Autosandbox improvements in v8:
User interface wasn't changed (in fact I didn't have idea how to improve it), only detection rates. As you know, autosandbox executes a suspicious process in the sandbox and logs every filesystem/registry operations, attempts to inject to different processes, modify system components, install hooks, network connections, etc etc. Avast has over 1500 generic signatures in VPS up to this day (their prefixes are Dyna:, as you can see in VPS release history). One signature usually identifies various malwares, so one malware is also usually detected by several signatures (e.g. for disabling windows update/firewall, injection, etc). Autosandbox reports 50 000 Dyna infections every day. Our viruslab analyses ~40k unique malwares every day in autosandbox and collect the logs, running on 180 virtual machines in ramdisk for 24hrs a day. In A7, malware attempts to inject itself into different processes were blocked. In A8, we duplicate & sandbox target's process on different desktop and allow injections, so malware isn't stopped early and we continue monitoring activity from the injection payload. Since we started to analyze a lot of malwares in our viruslab, every machine crash is reported to me & fixed. Autosandbox/sandbox should be therefore quite stable in A8.

[RejZoR]

Yes, but prior this month, Auto Sandbox really didn't do much for the end user. This has only changed now.

[DavidR]

Hopefully we will see this reflected in the various antivirus test results such as av-comparatives.org.

[avast@@dvantage77.com]

I have said it before, that AutoSandbox will defferentiate us from the other vendors, and then they'll copy out technology, again!  Thanks P.K. for all your hard work. I KNOW how much that you have personally invested in this!  Thanks againg for all your hard work, P.K.!

[Lisandro]

Hopefully we will see this reflected in the various antivirus test results such as av-comparatives.org.

I hope so.
Thanks pk for your hard work.

[true indian]

thanks pk and rest of avast team...you guys are awesome and together you make a really powerful product! 

[Vlk]

Besides what pk said, there's one more innovation with respect to those Dyna detections. We call it snxsql and it basically allows us to use the full richness of SQL queries to detect viruses in the sandbox. That is, the whole execution trace from the sandbox is stuffed to an in-memory SQL database and we consequently make queries to that DB (including some pretty complex/rich ones). This allows the detections to be fairly sophisticated, while minimizing the FP rates.

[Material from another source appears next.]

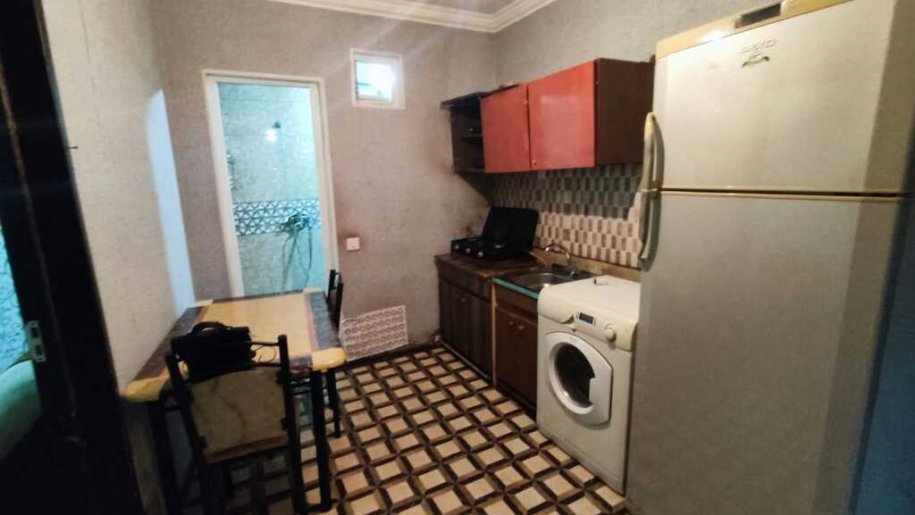 Kirayə verilir 2 otaqlı köhnə tikili, 50 m², Nizami m.-7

While the actual creation of these dyna detections / sql queries is now still a manual process (done by our virus analysts), we are close to actually implementing an automated generator for this - technically, this would be sort of "Evo-gen" for dyna detections.

Pretty fascinating stuff, especially if you see the results.

So, please, stay tuned, more stuff is coming.

Thanks
Vlk

[true indian]

So, please, stay tuned, more stuff is coming.

You are making me impatient now 

thanks for the hard work Vlk and avast team..once again you guys rock!